Background: There is some evidence in the literature to suggest that pre-operative counselling improves pain scores postoperatively. However, it is unclear whether pre-operative counselling of the donor improves immediate and short-term outcomes after living liver donation.
Objectives: This systematic review aimed to investigate the available quality of evidence (QOE) of pre-operative counselling for living donors on short term outcomes, provide expert opinion, grade recommendations and identify relevant components for Enhanced Recovery after Surgery (ERAS) protocols.
Data sources: Ovid MEDLINE, Embase, Scopus, Google Scholar, and Cochrane Central.
Methods: Systematic review following PRISMA guidelines and recommendations using the GRADE approach derived from an international expert panel. Endpoints were defined by the WHOQOL-BREF scale: physical health, psychological, social relationships, and environment.
Prospero id: CRD42021260677.
Results: Screening of 452 records and full texts led to 12 articles matching inclusion criteria, of which one was a randomized controlled trial (RCT), and 11 were observational retrospective cohort studies. A total of 933 individuals undergoing donor hepatectomy were included, of whom only 90 received dedicated perioperative ERAS protocols. Donors that received pre-operative counselling had fewer physical symptoms post donation, lower rates of fatigue, lower rates of pain, shorter recovery times and fewer unexpected medical problems, and less anxiety post donation. Female donors had higher affective and adverse effects scores, and 50% of donors reported adverse effects to analgesia that interfered with functional activity. Receiving information about analgesic options increased perception of care among donors.

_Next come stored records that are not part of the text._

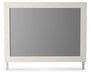 Stelsie Bedroom Mirror - Holmwood's Furniture & Design Center (Somersworth, NH)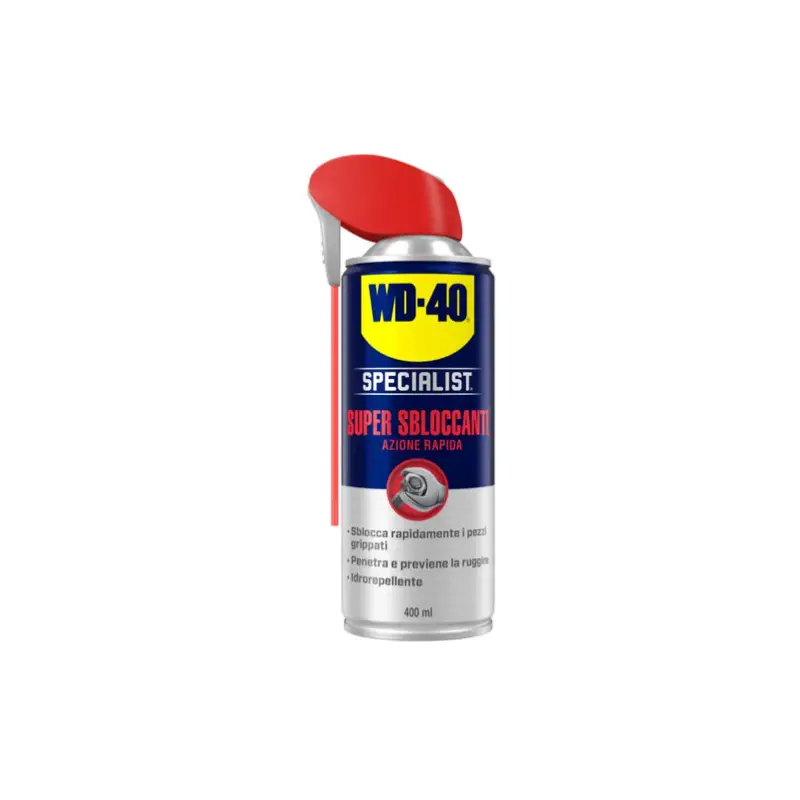 WD-40 Specialist - Super Sbloccante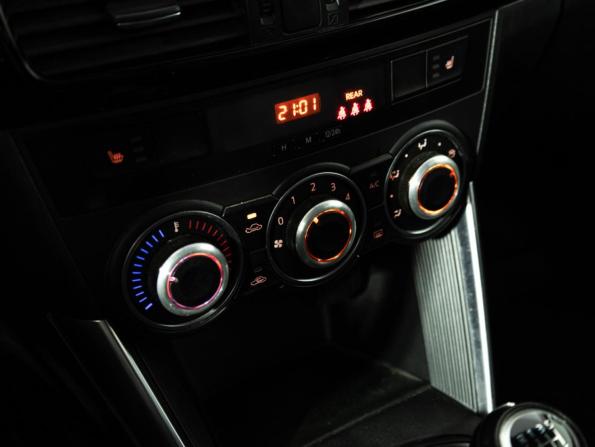 Mazda CX-5 I с пробегом 2013 года, цена 1 239 585 рублей, 257232 км, внедорожник, Автокод Объявления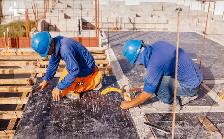 Looking For Construction Jobs - Resi/Commercial
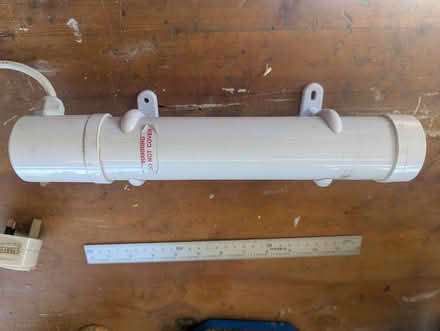 Photo of free Heater (Silverdale LA5) #1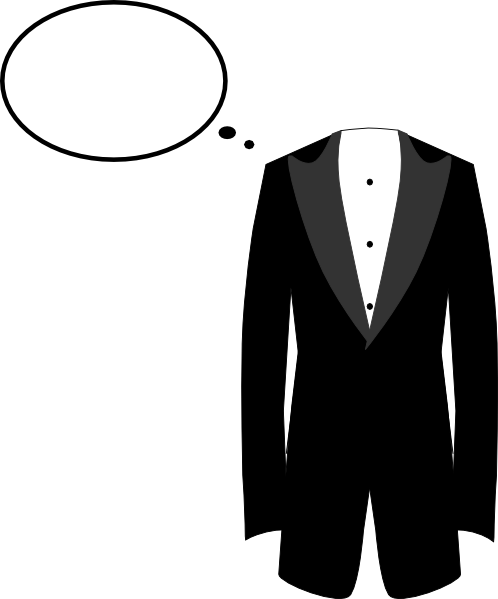 Groom Suit Clipart Images Wedding Party Newletter - Groom Tux Clip Art - Free Transparent PNG Clipart Images Download. - Transparent PNG Free Download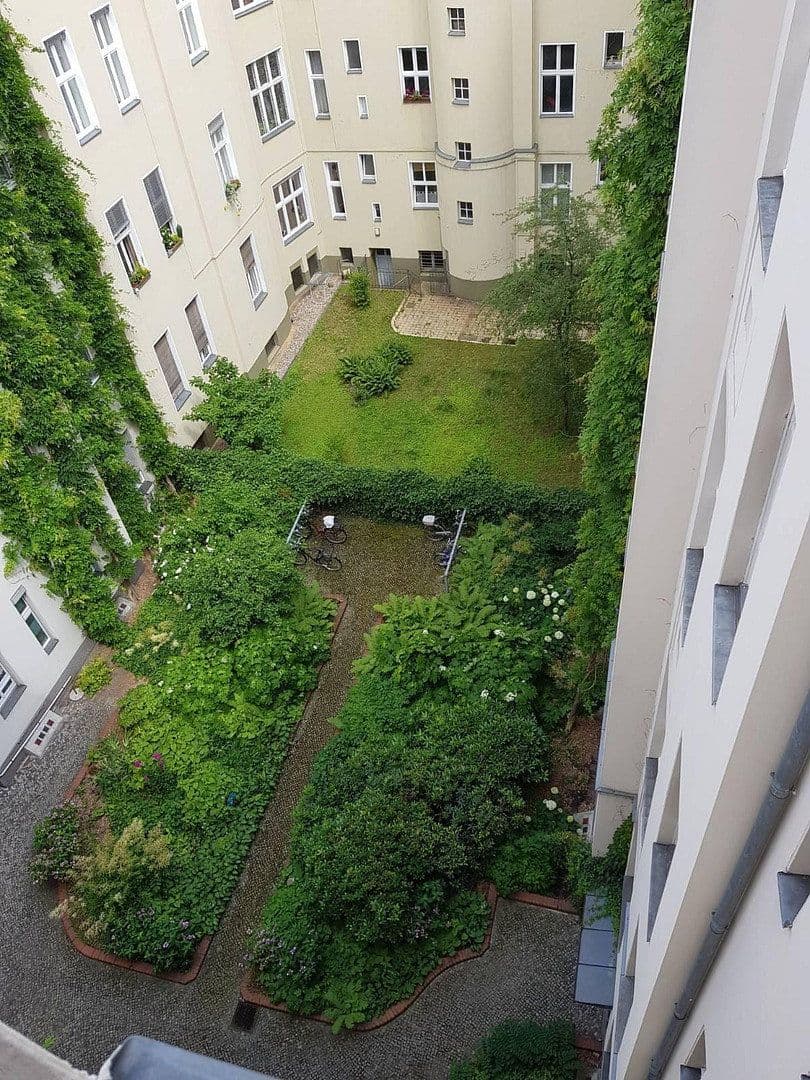 6 bedroom flat for sale, 159 m², Berlin, Berlin 6 bedroom flat for sale, 159 m², Berlin, Berlin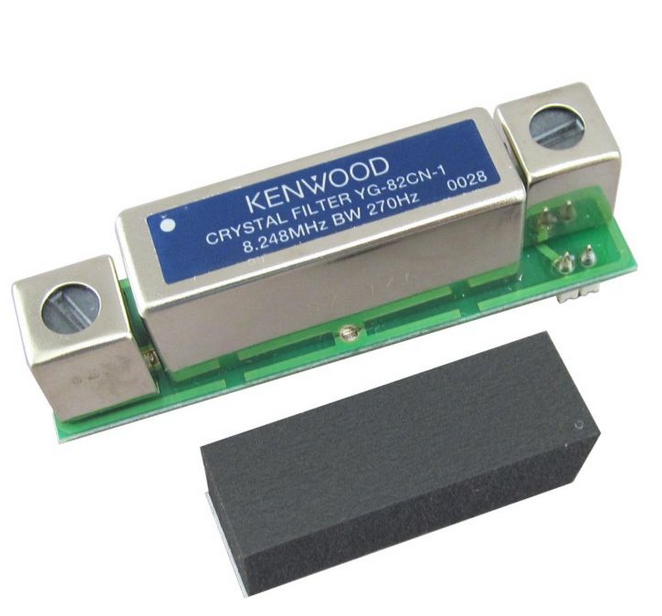 Kenwood Accessories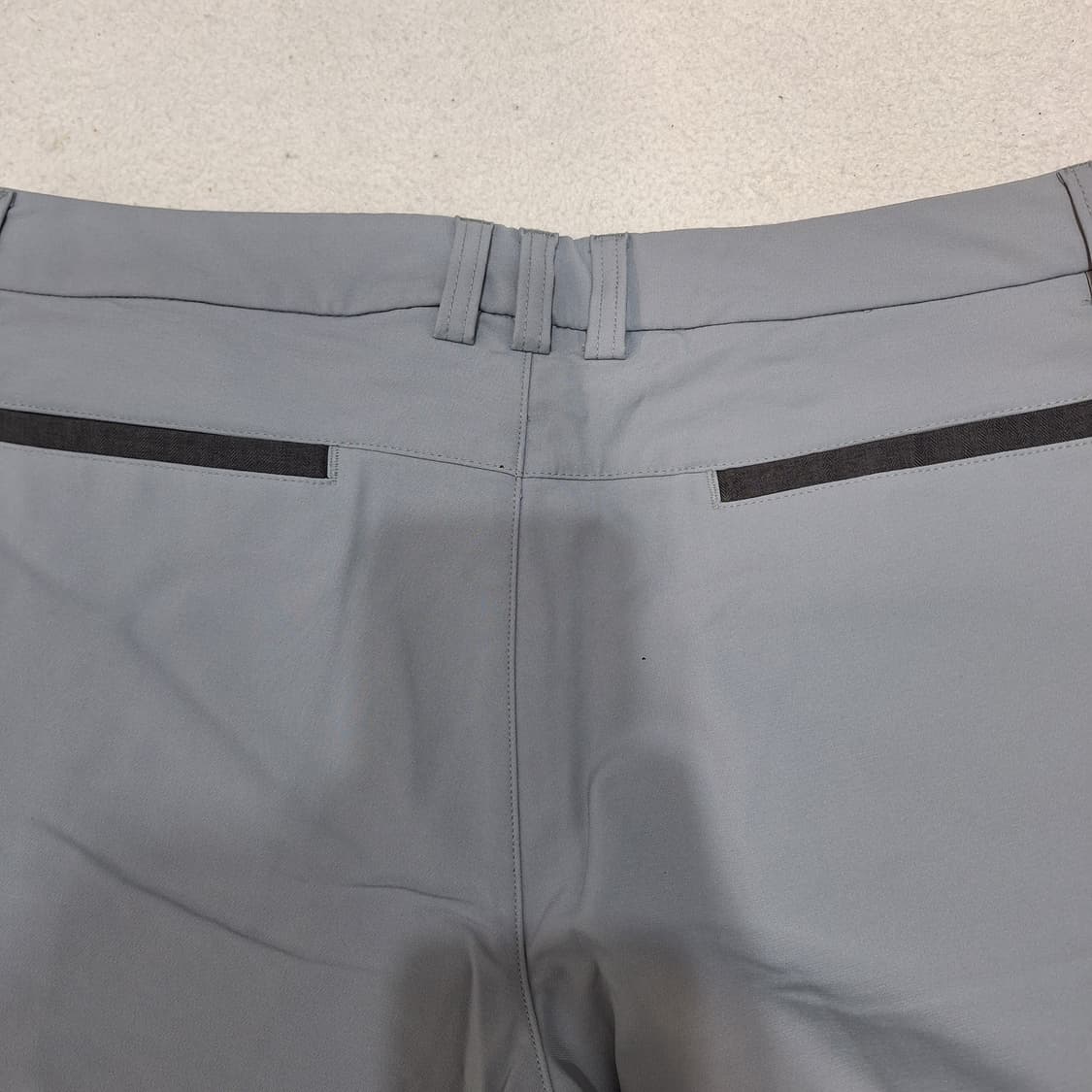 아디다스골프  바지XL 상품이미지5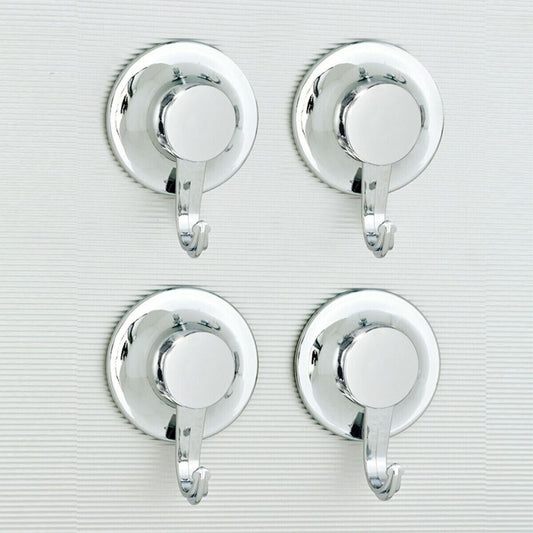 EVERLOC Haken-Set 4er, groß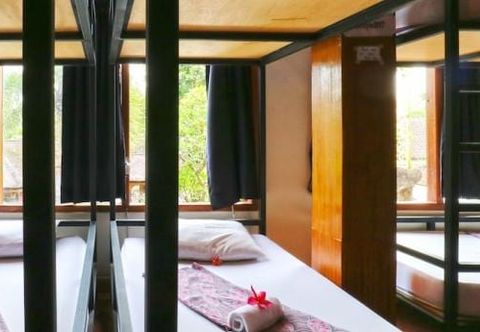 Others The Style Ubud Hostel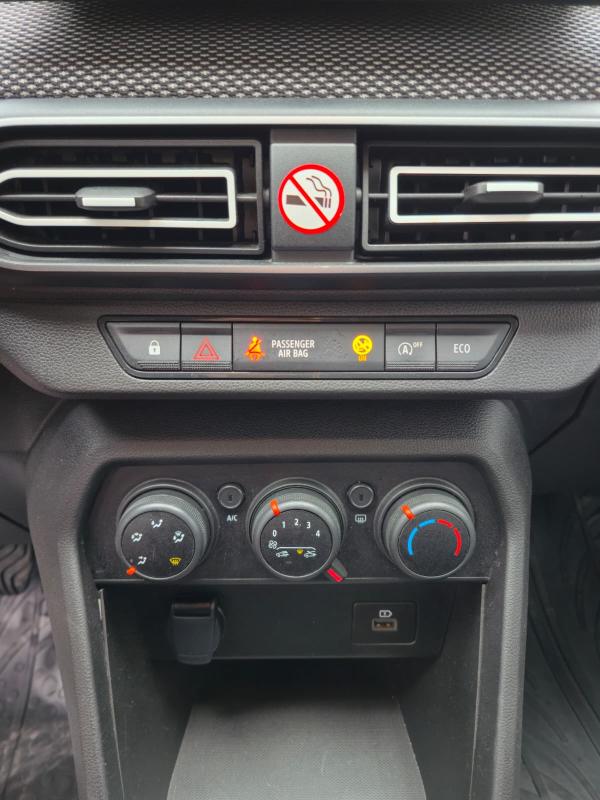 Car Thumb
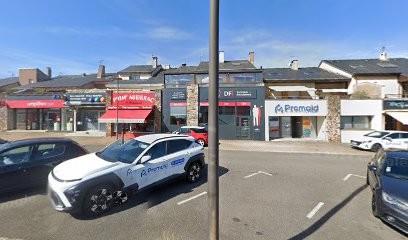 DA Informatique, Service de Réparation Informatique à Luc-la-Primaube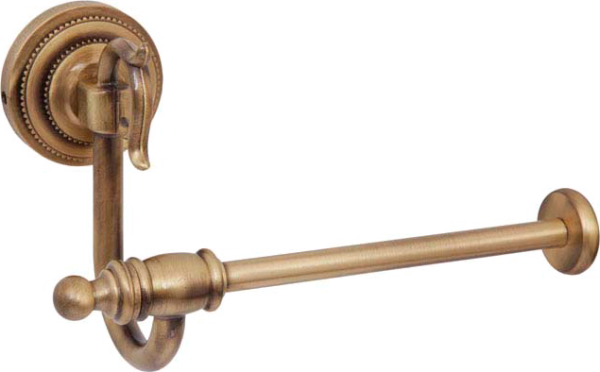 Держатель туалетной бумаги Boheme Medici 10615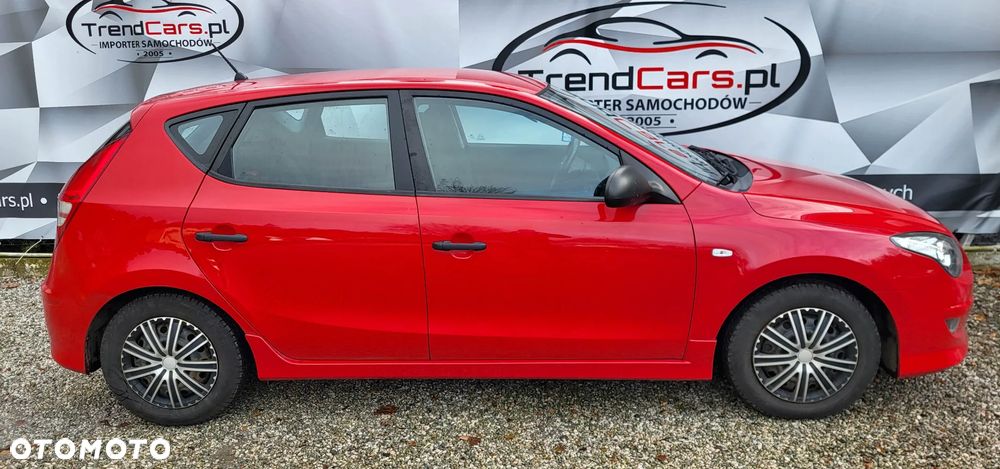 Hyundai i30 1.4 Base - 4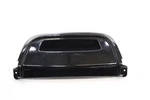 2018 - 2021 Lincoln Navigator Rear Console Lower Cover Panel Oem Black Ph. Fixed Price $52.09.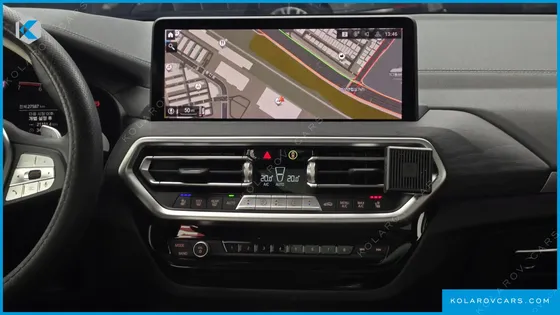 BMW X3 XDRIVE 20I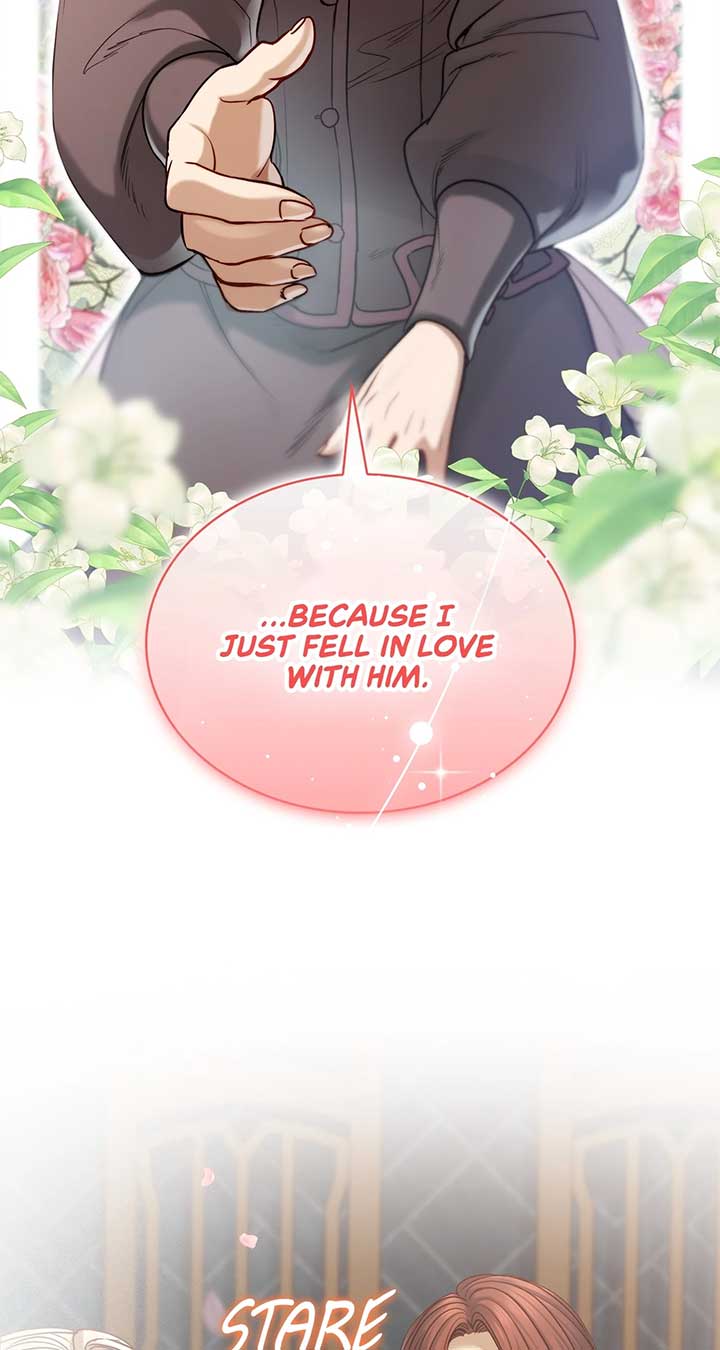 If You Desire to Keep Me [Official] Chapter 9 page 53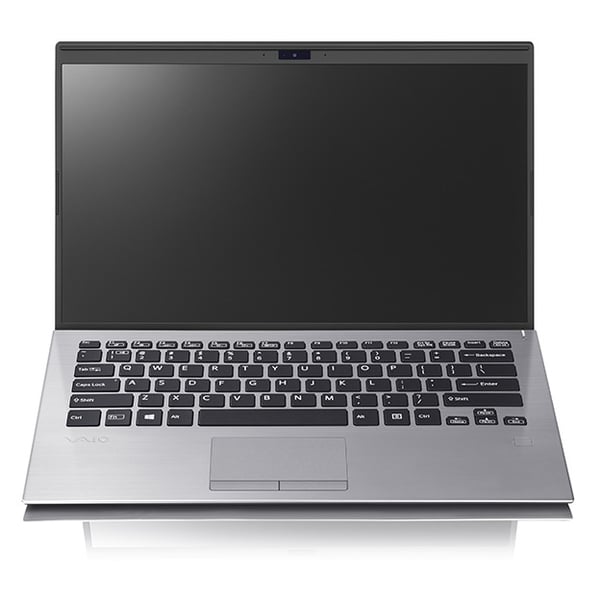 Vaio SX14 Laptop - Core i5 1.6GHz 8GB 256GB Shared Win10Pro 14inch FHD Silver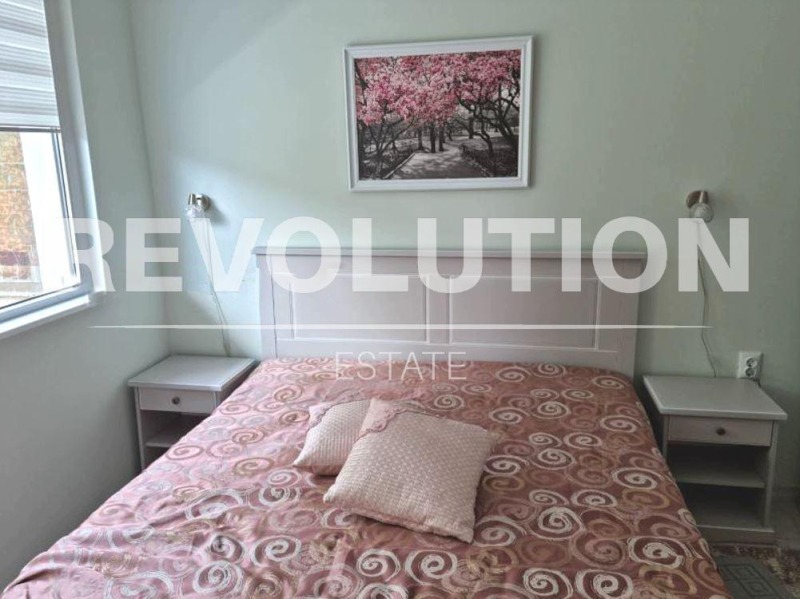 Te huur  1 slaapkamer Varna , Gratska machala , 50 m² | 73454532 - afbeelding [5]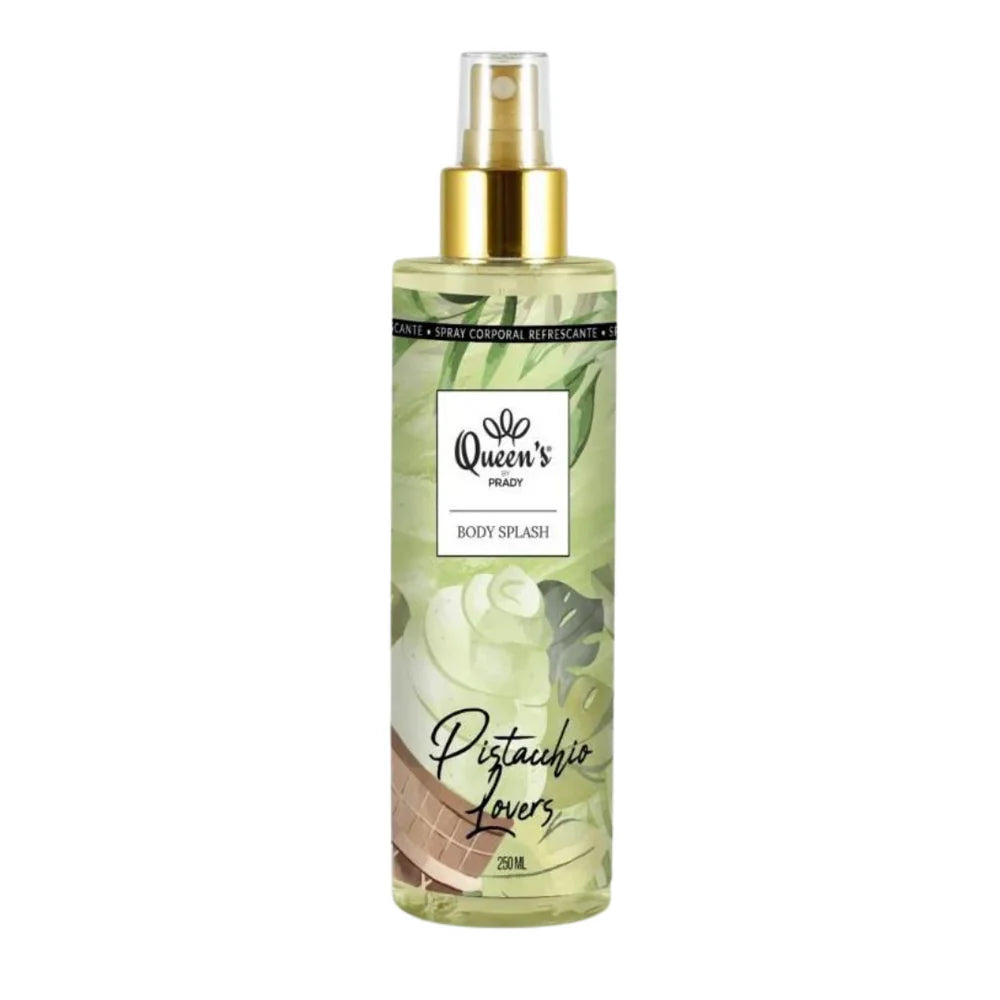 Brume Pistacchio Lovers - 250ml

Conclusions: Providing comprehensive pre-operative counselling to living liver donors is associated with improved short-term outcomes after donation (QOE; moderate to low I Grade of Recommendation; Strong).
Keywords: ERAS; analgesic requirement; assessment; compliance; complications; cos; counselling; enhanced recovery after surgery; evaluation; fast-track; intervention; living donor liver transplantation; morbidity; mortality length of stay; pain; psychological; readmission; stress; therapy.